As a modification, the closed pillar container may comprise a meshed pillar container as illustrated in FIG. 18 so that to facilitate removal of the moisture of the object.

Whereas modifications of the present invention will no doubt be apparent to a person having ordinary skill in the art, to which the invention pertains, it is to be understood that embodiments shown and described by way of illustrations are by no means intended to be considered in a limiting sense. Accordingly, it is to be intended to cover by claims all modifications of the present invention which fall within the spirit and scope of the invention.

Claims

What is claimed is:

1. An electromagnetic wave heater comprising:

an electromagnetic wave generator;

a wave guide connected to said generator for guiding the generated electromagnetic wave to be propagated in a uniform direction;

at least one container provided in said wave guide for accommodating an object to be heated up by irradiation of said electromagnetic wave, the volume of said container having at least one tapered portion which is pointed, at an end portion thereof, toward said electromagnetic wave generator.

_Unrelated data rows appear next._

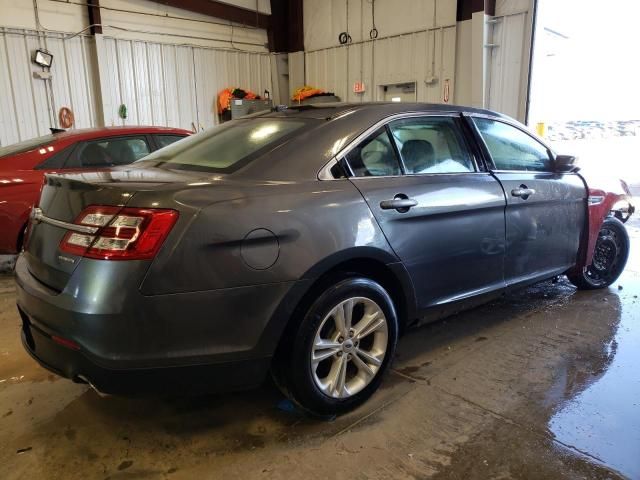 2017 Ford Taurus SE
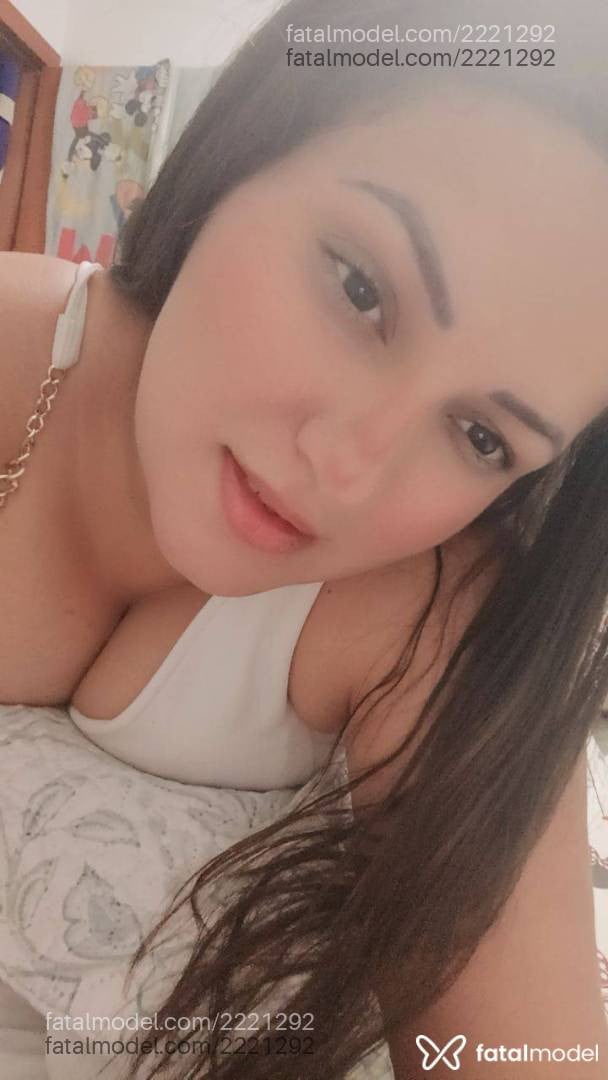 Acompanhante mulher com cabelo castanho de olhos castanhos em Várzea Grande - Gaby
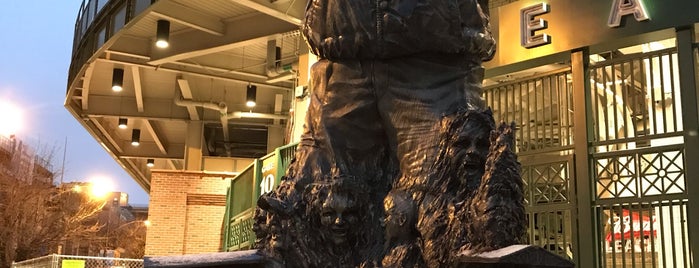 Harry Caray Statue by Omri Amrany & Lou Cella is one of Locais salvos de Kimmie.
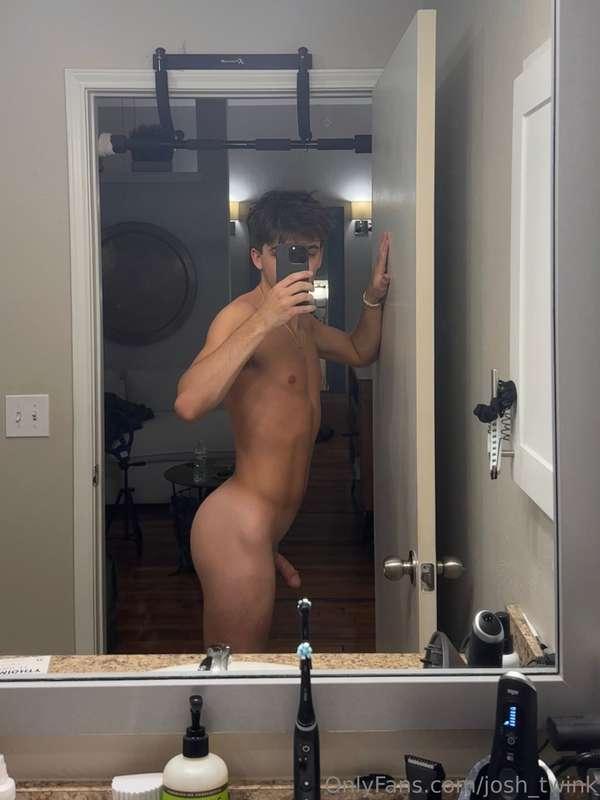 josh_twink image #1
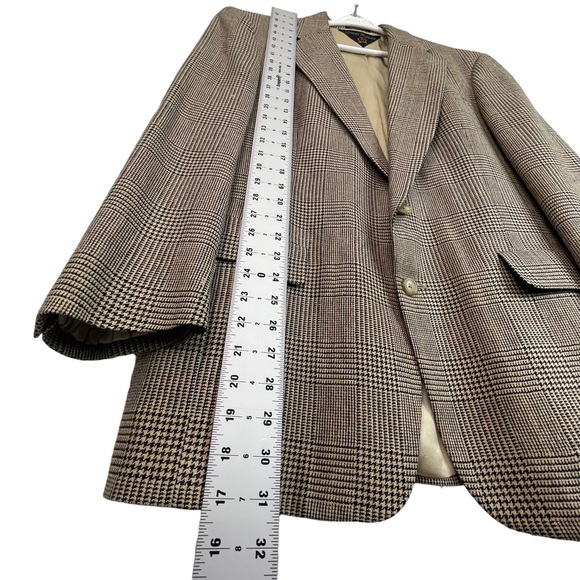 Tommy Hilfiger Men’s Plaid Two Button Blazer Size 40R - Picture 8 of 11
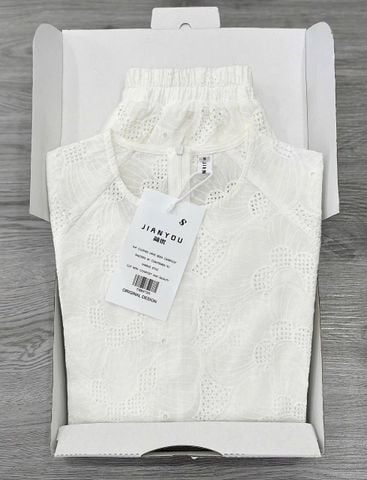 TB8372-Set thêu hoa CC , áo tay lỡ + quần short Trắng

2. The heater as claimed in claim 1, wherein said container has a conical shape.

3. The heater as claimed in claim 1, wherein said container has a pyramidal shape.

4. The heater as claimed in claim 1, wherein said container has a triangle pillar shape, provided that any one of corners of the pillar is pointed and directed toward said electromagnetic wave generator.

5. The heater as claimed in claim 1, wherein said container has a square pillar shape, provided that any one of corners of the pillar is pointed and directed toward said electromagnetic wave generator.

6. The heater as claimed in claim 1, wherein said container has a diamond pillar shape, provided that any one of corners of the pillar is pointed and directed toward said electromagnetic wave generator.

7. The heater as claimed in claim 1, further comprising:

a cutting-off mode rectangularly-shaped wave guide for shielding the electromagnetic wave after irradiation on the object to prevent the electromagnetic waves from being leaked out to an exterior of said heater, said cutting-off mode rectangularly-shaped wave guide having a long side with a length which is less than a half of a wavelength of the electromagnetic wave to be irradiated on said object to be heated up; and

a ferrite film provided only on a face adjacent to any on of long sides of said cutting-off mode rectangularly-shaped wave guide.